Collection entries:
☆ ☆ ☆ ☆ ☆ ☆ ☆
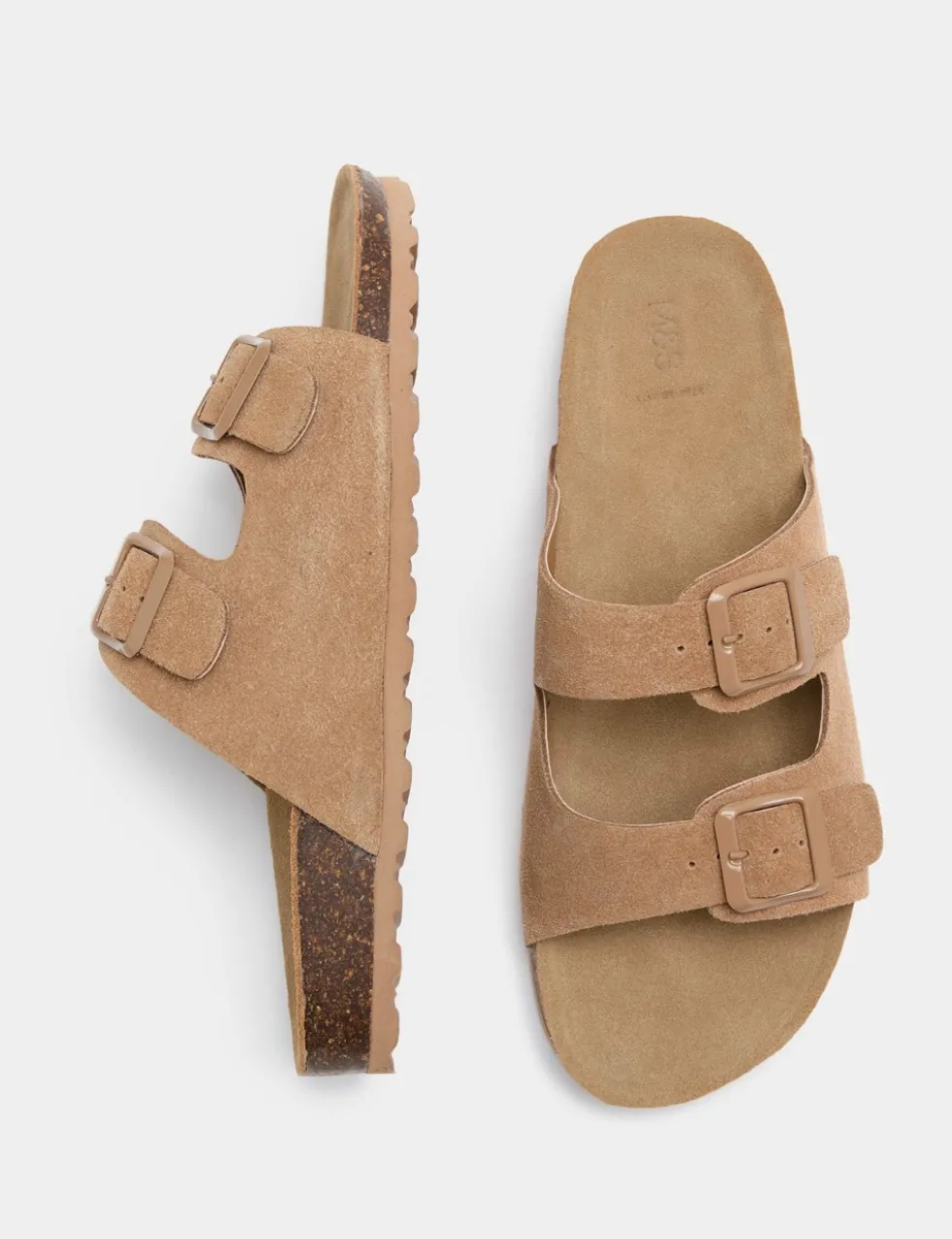 Suede Buckle Footbed Mules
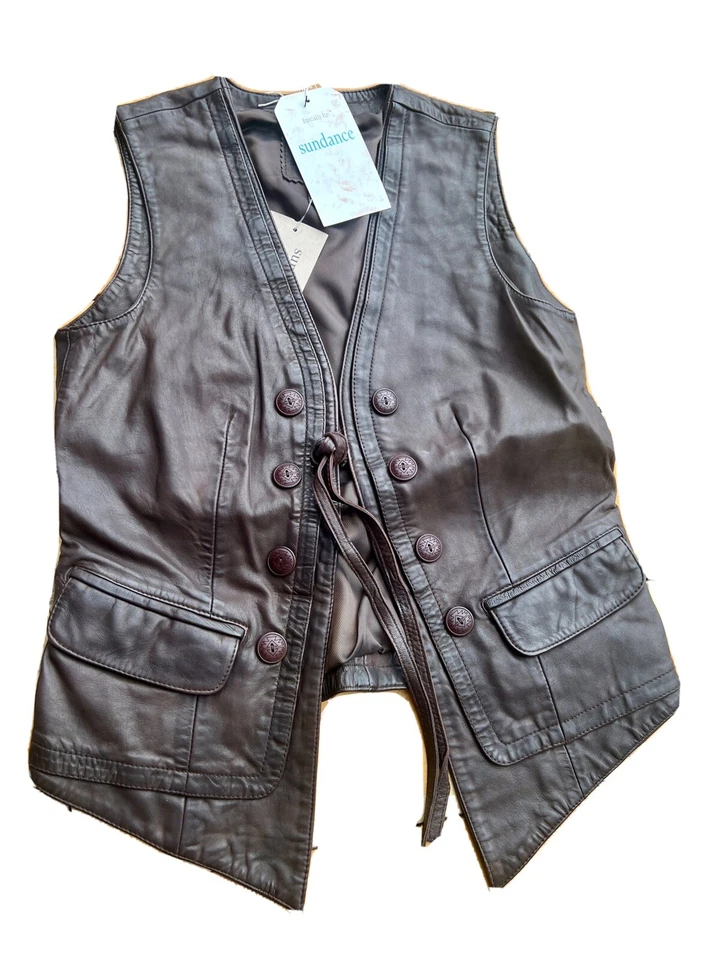 NUEVO CON ETIQUETAS/NUEVO Catálogo Sundance Chaleco de Cuero Lorena XS Minorista $298 Forrado con Bolsillos Foto 1 de 4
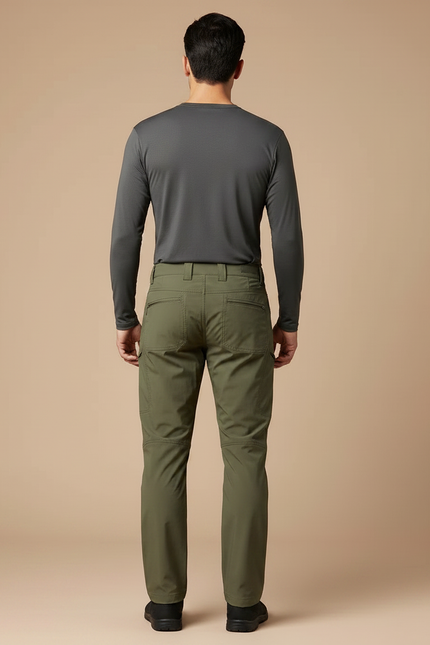 Pantalon Randonnée Kaki Multi-Poches Confortable Homme - Polyester - vue 2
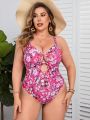 SHEIN Swim Vcay Plus Size Hollow Out One-Piece Swimsuit With Tiny Floral Print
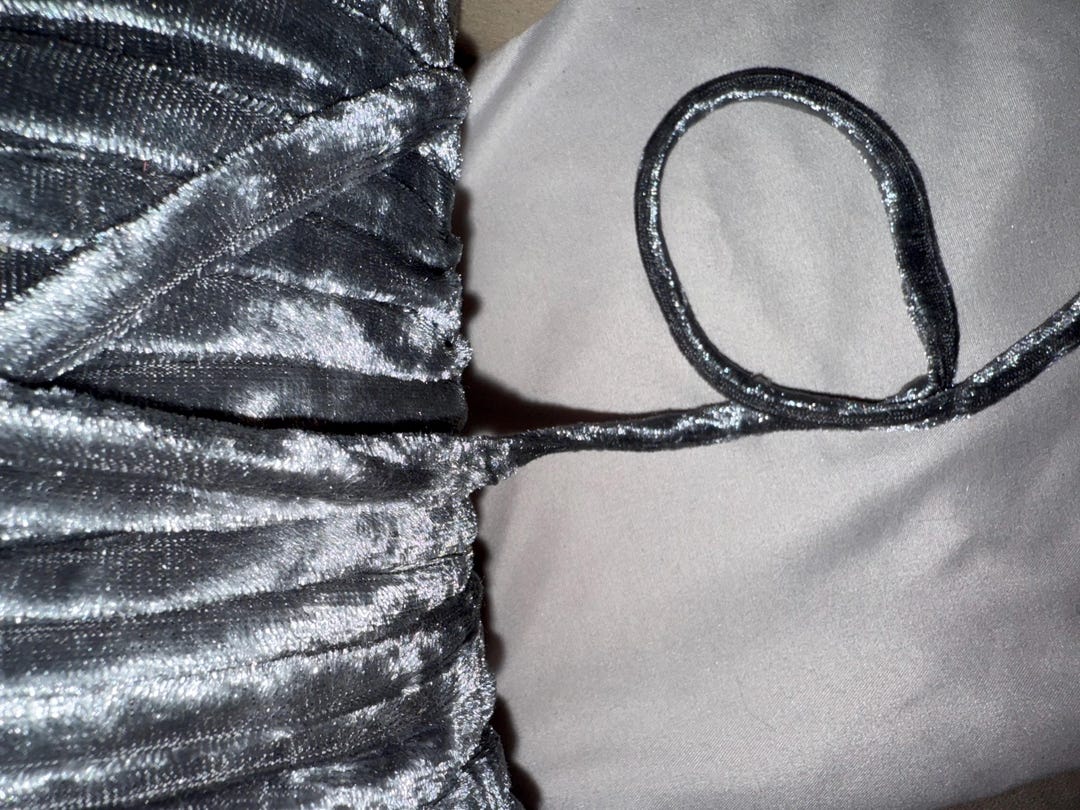5 Yards Gray Velvet Fabric Minimal Stretch Tubular Spaghetti Cord ...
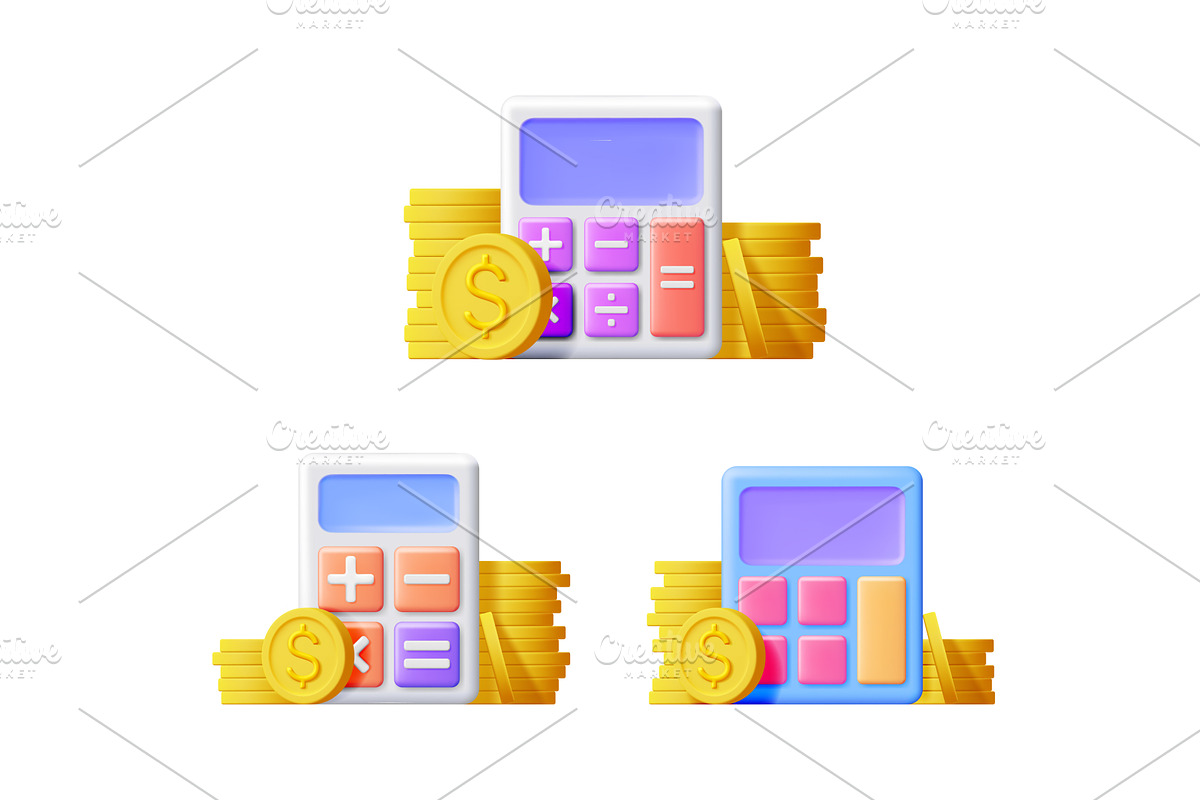 Three 3d vector illustrations of a, a Finance Illustration by Abscent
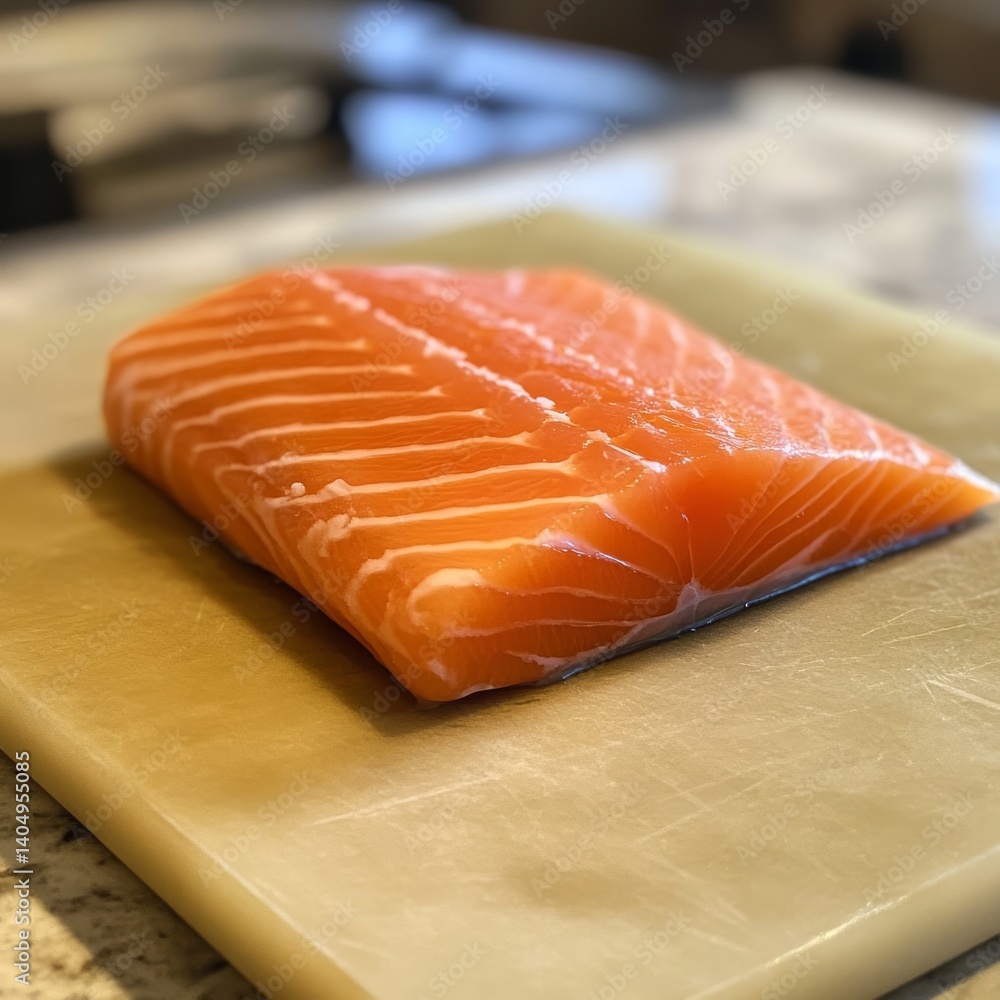 Uncooked salmon on board.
☆ ☆ ☆ ☆ ☆ ☆ ☆
Retype the data exactly; images stay out.

§ **Written solution**
 Suede Buckle Footbed Mules
 NUEVO CON ETIQUETAS/NUEVO Catálogo Sundance Chaleco de Cuero Lorena XS Minorista $298 Forrado con Bolsillos Foto 1 de 4
 Pantalon Randonnée Kaki Multi-Poches Confortable Homme - Polyester - vue 2
 SHEIN Swim Vcay Plus Size Hollow Out One-Piece Swimsuit With Tiny Floral Print
5 Yards Gray Velvet Fabric Minimal Stretch Tubular Spaghetti Cord ...
 Three 3d vector illustrations of a, a Finance Illustration by Abscent
 Uncooked salmon on board.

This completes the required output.